CASE WHEN COUNT() >=2 AND COUNT () < 3...
I don't think GROUP_CONCAT() is the right approach for what you want. Try this:
SELECT vi.class_id, vi.class,
COUNT(DISTINCT vi.lib_id) AS total_count,
CONCAT_WS(',',
MAX(CASE WHEN vi.lid = 1 THEN 1 ELSE 0 END),
MAX(CASE WHEN vi.lid = 2 THEN 1 ELSE 0 END),
MAX(CASE WHEN vi.lid = 3 THEN 1 ELSE 0 END)
) as lids,
SUM(CASE WHEN vi.lid = 1 THEN vi.total ELSE 0 END) as total_1,
SUM(CASE WHEN vi.lid = 2 THEN vi.total ELSE 0 END) as total_2,
SUM(CASE WHEN vi.lid = 3 THEN vi.total ELSE 0 END) as total_3
FROM view_items vi
WHERE vi.lid IN (1, 2, 3)
GROUP BY vi.class_id;
Notes:
Your subquery and UNION are not needed. In MySQL, these can actually hurt performance.

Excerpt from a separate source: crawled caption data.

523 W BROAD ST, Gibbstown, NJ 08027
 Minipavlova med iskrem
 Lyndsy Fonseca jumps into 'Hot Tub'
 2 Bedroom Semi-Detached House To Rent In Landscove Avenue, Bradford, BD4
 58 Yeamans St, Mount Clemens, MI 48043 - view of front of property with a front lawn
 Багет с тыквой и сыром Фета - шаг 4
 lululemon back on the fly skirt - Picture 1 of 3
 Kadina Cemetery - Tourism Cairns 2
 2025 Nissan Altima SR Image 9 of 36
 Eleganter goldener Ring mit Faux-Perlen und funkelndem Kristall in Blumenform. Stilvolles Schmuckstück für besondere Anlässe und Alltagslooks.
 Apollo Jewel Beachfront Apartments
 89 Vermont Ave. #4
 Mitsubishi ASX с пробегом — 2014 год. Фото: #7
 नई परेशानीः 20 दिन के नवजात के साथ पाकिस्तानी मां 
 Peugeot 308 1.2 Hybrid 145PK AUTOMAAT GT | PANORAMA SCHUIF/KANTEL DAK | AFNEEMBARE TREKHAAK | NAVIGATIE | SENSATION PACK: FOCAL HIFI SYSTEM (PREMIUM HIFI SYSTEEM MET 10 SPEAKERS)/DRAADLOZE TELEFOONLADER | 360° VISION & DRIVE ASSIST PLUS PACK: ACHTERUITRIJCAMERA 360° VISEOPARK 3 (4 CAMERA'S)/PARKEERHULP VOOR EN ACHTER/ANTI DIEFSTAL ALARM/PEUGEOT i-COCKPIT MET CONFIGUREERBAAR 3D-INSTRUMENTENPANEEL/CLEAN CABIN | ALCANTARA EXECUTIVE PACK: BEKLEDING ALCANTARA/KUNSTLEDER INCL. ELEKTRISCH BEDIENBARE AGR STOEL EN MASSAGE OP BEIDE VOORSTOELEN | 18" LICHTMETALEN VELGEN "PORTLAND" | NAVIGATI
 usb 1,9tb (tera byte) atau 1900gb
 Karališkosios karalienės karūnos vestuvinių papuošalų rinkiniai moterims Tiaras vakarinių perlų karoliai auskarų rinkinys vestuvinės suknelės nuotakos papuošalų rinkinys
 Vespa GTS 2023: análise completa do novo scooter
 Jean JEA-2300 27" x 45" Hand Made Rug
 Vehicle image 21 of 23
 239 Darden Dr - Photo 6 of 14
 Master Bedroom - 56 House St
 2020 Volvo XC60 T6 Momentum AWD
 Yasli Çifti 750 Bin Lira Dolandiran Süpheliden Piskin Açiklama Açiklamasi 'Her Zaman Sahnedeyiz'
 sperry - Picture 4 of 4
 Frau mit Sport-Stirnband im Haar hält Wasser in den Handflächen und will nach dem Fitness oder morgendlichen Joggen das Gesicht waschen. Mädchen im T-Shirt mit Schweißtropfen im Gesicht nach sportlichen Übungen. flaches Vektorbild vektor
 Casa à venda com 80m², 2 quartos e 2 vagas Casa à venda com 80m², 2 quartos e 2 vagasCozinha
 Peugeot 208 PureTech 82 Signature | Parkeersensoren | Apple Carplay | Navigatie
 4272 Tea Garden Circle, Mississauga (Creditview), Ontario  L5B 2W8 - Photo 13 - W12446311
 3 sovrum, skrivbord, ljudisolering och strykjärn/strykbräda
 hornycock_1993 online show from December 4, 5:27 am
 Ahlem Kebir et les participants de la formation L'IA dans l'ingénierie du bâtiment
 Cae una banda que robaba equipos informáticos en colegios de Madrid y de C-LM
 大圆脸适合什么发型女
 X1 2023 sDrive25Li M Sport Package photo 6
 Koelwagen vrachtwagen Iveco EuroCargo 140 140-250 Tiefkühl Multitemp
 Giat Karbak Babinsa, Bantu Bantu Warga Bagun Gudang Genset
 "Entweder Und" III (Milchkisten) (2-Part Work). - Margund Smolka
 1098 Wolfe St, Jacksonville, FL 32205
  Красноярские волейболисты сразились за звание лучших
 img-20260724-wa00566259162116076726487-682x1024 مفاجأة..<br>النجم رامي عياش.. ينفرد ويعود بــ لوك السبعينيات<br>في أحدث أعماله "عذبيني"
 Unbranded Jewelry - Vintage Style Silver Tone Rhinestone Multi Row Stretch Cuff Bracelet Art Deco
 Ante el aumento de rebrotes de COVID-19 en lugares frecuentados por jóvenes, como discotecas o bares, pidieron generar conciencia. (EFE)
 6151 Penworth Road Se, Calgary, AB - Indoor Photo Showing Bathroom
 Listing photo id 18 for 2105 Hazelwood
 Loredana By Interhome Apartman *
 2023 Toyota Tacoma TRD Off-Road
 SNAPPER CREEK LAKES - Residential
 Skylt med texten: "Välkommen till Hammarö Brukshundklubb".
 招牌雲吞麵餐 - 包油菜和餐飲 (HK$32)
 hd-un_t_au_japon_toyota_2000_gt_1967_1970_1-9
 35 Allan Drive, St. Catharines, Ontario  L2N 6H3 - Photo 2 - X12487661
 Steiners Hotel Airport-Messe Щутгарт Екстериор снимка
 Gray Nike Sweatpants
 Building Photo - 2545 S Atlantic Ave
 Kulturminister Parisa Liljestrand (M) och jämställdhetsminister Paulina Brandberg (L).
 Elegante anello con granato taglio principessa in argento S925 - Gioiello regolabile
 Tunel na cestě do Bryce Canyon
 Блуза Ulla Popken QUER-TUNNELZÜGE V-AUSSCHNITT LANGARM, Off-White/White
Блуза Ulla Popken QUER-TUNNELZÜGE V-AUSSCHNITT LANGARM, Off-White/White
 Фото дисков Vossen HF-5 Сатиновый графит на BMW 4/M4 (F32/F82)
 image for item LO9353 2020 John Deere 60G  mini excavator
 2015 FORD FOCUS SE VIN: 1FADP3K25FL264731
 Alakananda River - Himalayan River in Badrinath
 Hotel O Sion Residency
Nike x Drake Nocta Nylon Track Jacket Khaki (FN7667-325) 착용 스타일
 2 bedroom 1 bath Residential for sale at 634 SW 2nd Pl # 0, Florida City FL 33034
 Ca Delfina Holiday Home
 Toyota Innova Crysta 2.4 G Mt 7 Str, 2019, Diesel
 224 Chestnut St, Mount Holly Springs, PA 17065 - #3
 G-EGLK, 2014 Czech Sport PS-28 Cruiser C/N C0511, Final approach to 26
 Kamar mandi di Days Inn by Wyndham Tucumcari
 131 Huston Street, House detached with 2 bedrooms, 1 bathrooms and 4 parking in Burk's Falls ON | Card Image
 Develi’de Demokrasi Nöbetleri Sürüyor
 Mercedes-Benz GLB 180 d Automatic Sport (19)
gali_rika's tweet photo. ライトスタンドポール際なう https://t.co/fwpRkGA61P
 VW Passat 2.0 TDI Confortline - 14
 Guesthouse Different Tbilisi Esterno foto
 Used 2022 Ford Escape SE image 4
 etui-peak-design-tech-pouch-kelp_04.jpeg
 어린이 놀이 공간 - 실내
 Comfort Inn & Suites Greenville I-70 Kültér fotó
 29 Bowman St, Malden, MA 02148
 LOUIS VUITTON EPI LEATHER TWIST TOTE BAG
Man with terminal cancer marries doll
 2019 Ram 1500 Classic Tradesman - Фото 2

I assume that lid is a number, so I've removed the single quotes.
You can use conditional aggregation for each of the totals that you want. Parsing GROUP_CONCAT() is not the right way to do this.
Your question is about the lids. The CONCAT_WS() does what you want -- concatenating either the value (if it appears) or zero if it does not.